One of his chief difficulties was caused by the sullen and
menacing demeanour of the Northern powers. Denmark and Sweden had
at one time seemed disposed to join the coalition; but they had
early become cold, and were fast becoming hostile. From France
they flattered themselves that they had little to fear. It was
not very probable that her armies would cross the Elbe, or that
her fleets would force a passage through the Sound. But the naval
strength of England and Holland united might well excite
apprehension at Stockholm and Copenhagen. Soon arose vexatious
questions of maritime right, questions such as, in almost every
extensive war of modern times, have arisen between belligerents
and neutrals. The Scandinavian princes complained that the
legitimate trade between the Baltic and France was tyrannically
interrupted. Though they had not in general been on very friendly
terms with each other, they began to draw close together,
intrigued at every petty German court, and tried to form what
William called a Third Party in Europe. The King of Sweden, who,
as Duke of Pomerania, was bound to send three thousand men for
the defence of the Empire, sent, instead of them, his advice that
the allies would make peace on the best terms which they could
get.285 The King of Denmark seized a great number of Dutch
merchantships, and collected in Holstein an army which caused no
small uneasiness to his neighbours. "I fear," William wrote, in
an hour of deep dejection, to Heinsius, "I fear that the object
of this Third Party is a peace which will bring in its train the
slavery of Europe. The day will come when Sweden and her
confederates will know too late how great an error they have
committed. They are farther, no doubt, than we from the danger;
and therefore it is that they are thus bent on working our ruin
and their own. That France will now consent to reasonable terms
is not to be expected; and it were better to fall sword in hand
than to submit to whatever she may dictate."286

While the King was thus disquieted by the conduct of the Northern
powers, ominous signs began to appear in a very different
quarter. It had, from the first, been no easy matter to induce
sovereigns who hated, and who, in their own dominions,
persecuted, the Protestant religion, to countenance the
revolution which had saved that religion from a great peril. But
happily the example and the authority of the Vatican had overcome
their scruples. Innocent the Eleventh and Alexander the Eighth
had regarded William with ill concealed partiality. He was not
indeed their friend; but he was their enemy's enemy; and James
had been, and, if restored, must again be, their enemy's vassal.

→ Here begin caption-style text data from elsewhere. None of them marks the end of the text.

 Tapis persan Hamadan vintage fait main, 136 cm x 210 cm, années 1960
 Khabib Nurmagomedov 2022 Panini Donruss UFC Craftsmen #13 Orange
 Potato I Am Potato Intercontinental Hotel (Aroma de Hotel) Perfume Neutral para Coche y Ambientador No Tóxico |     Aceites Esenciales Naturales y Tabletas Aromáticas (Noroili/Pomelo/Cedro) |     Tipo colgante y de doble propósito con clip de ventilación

To the heretic nephew therefore they gave their effective
support, to the orthodox uncle only compliments and benedictions.
But Alexander the Eighth had occupied the papal throne little
more than fifteen months. His successor, Antonio Pignatelli, who
took the name of Innocent the Twelfth, was impatient to be
reconciled to Lewis. Lewis was now sensible that he had committed
a great error when he had roused against himself at once the
spirit of Protestantism and the spirit of Popery. He permitted
the French Bishops to submit themselves to the Holy See. The
dispute, which had, at one time, seemed likely to end in a great
Gallican schism, was accommodated; and there was reason to
believe that the influence of the head of the Church would be
exerted for the purpose of severing the ties which bound so many
Catholic princes to the Calvinist who had usurped the British
throne.

Meanwhile the coalition, which the Third Party on one side and
the Pope on the other were trying to dissolve, was in no small
danger of falling to pieces from mere rottenness. Two of the
allied powers, and two only, were hearty in the common cause;
England, drawing after her the other British kingdoms; and
Holland, drawing after her the other Batavian commonwealths.

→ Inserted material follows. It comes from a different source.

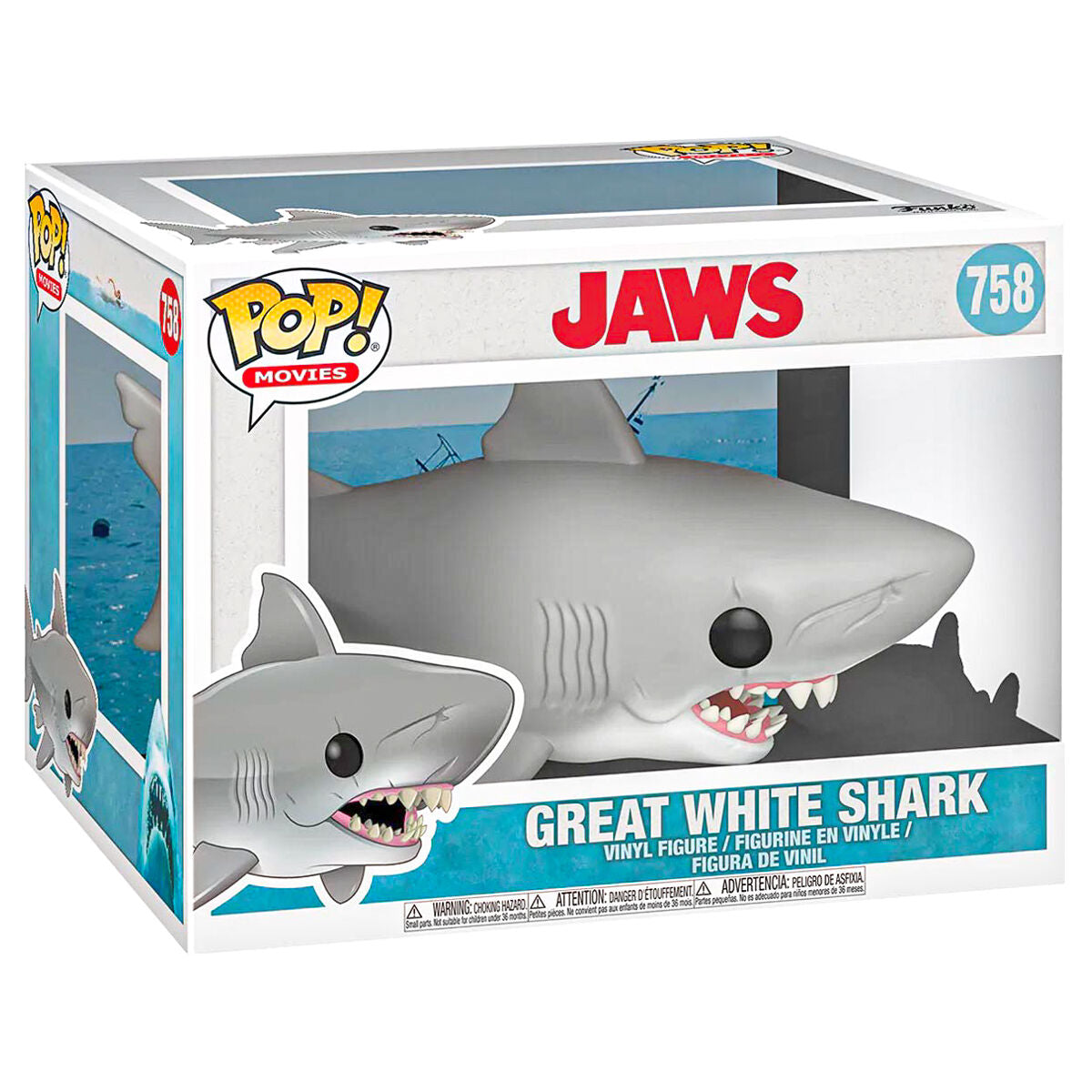 Funko Pop! Movies: Jaws: Great White Shark Vinyl Figure #758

England and Holland were indeed torn by internal factions, and
were separated from each other by mutual jealousies and
antipathies; but both were fully resolved not to submit to French
domination; and both were ready to bear their share, and more
than their share, of the charges of the contest. Most of the
members of the confederacy were not nations, but men, an Emperor,
a King, Electors, Dukes; and of these men there was scarcely one
whose whole soul was in the struggle, scarcely one who did not
hang back, who did not find some excuse for omitting to fulfil
his engagements, who did not expect to be hired to defend his own
rights and interests against the common enemy. But the war was
the war of the people of England and of the people of Holland.
Had it not been so, the burdens which it made necessary would not
have been borne by either England or Holland during a single
year. When William said that he would rather die sword in hand
than humble himself before France, he expressed what was felt,
not by himself alone, but by two great communities of which he
was the first magistrate. With those two communities, unhappily,
other states had little sympathy. Indeed those two communities
were regarded by other states as rich, plaindealing, generous
dupes are regarded by needy sharpers. England and Holland were
wealthy; and they were zealous. Their wealth excited the cupidity
of the whole alliance; and to that wealth their zeal was the key.

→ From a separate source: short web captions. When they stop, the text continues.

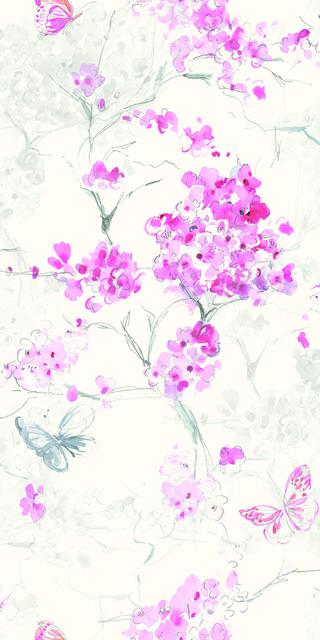 SPRING CHERRY BLOSSOMS PEEL & STICK WALLPAPER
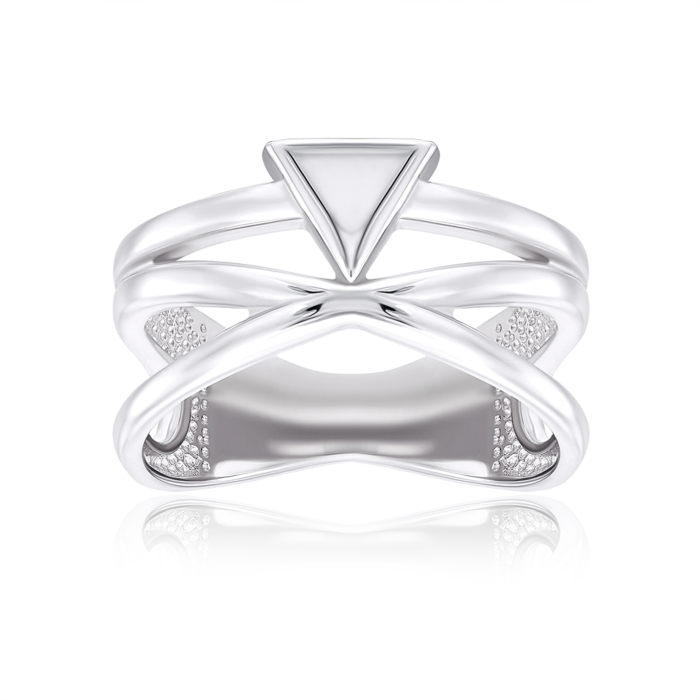 Серебряное кольцо без вставки. Артикул 001012/12/1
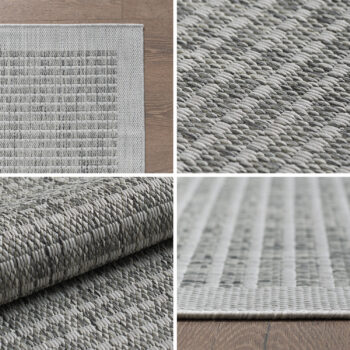 Ayyildiz Kusový koberec Giza 1410 Grey kruh - 160x160 cm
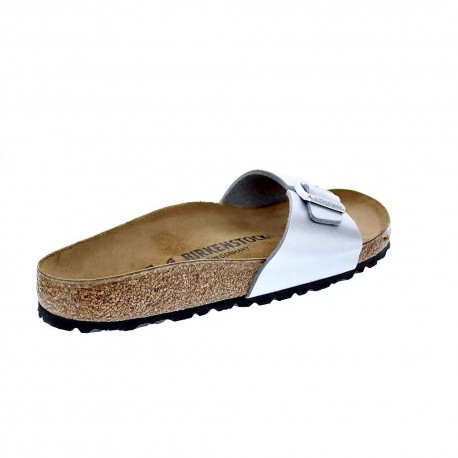 Chanclas Birkenstock zapatos Mujer modelo Madrid Plata 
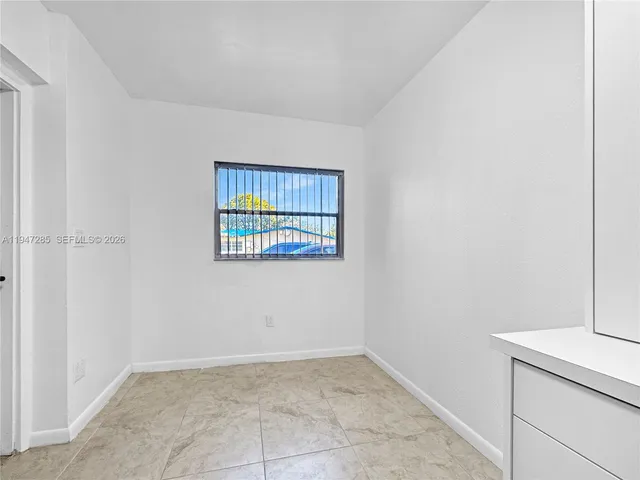 a view of an empty room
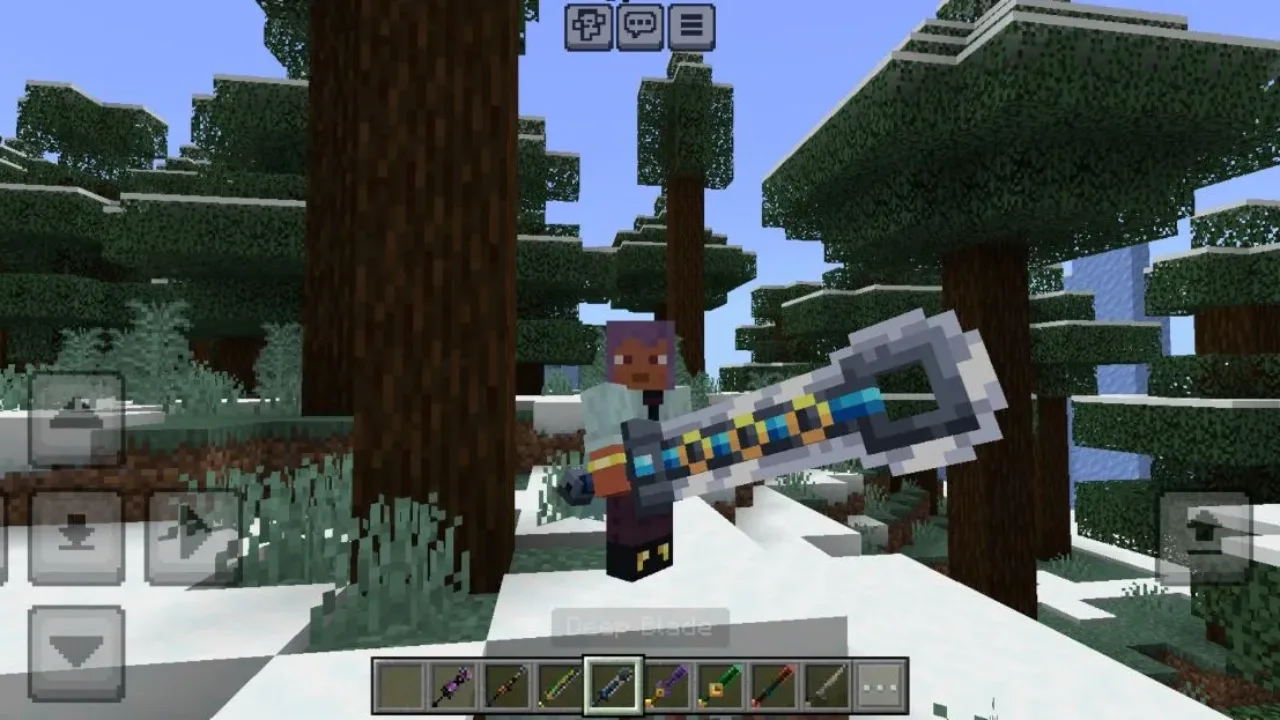 Deep Blade from Mistic Sword Mod for Minecraft PE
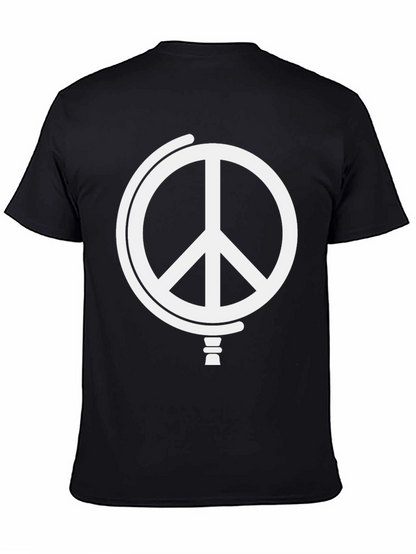 Peace Globe Graphic T-Shirt - Black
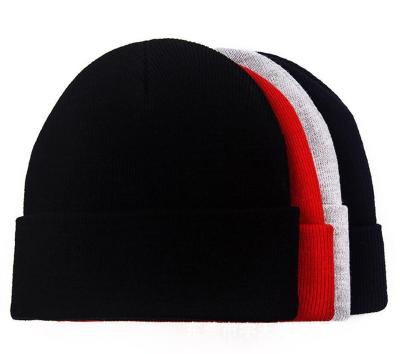 China Winter Customized COMMON 100% Cotton Beanie Hats With Custom Embroidery Logo Ribbed Beanie for sale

They were persecuted with sordid importunity by all their
confederates, from Caesar, who, in the pride of his solitary
dignity, would not honour King William with the title of Majesty,
down to the smallest Margrave who could see his whole
principality from the cracked windows of the mean and ruinous old
house which he called his palace. It was not enough that England
and Holland furnished much more than their contingents to the war
by land, and bore unassisted the whole charge of the war by sea.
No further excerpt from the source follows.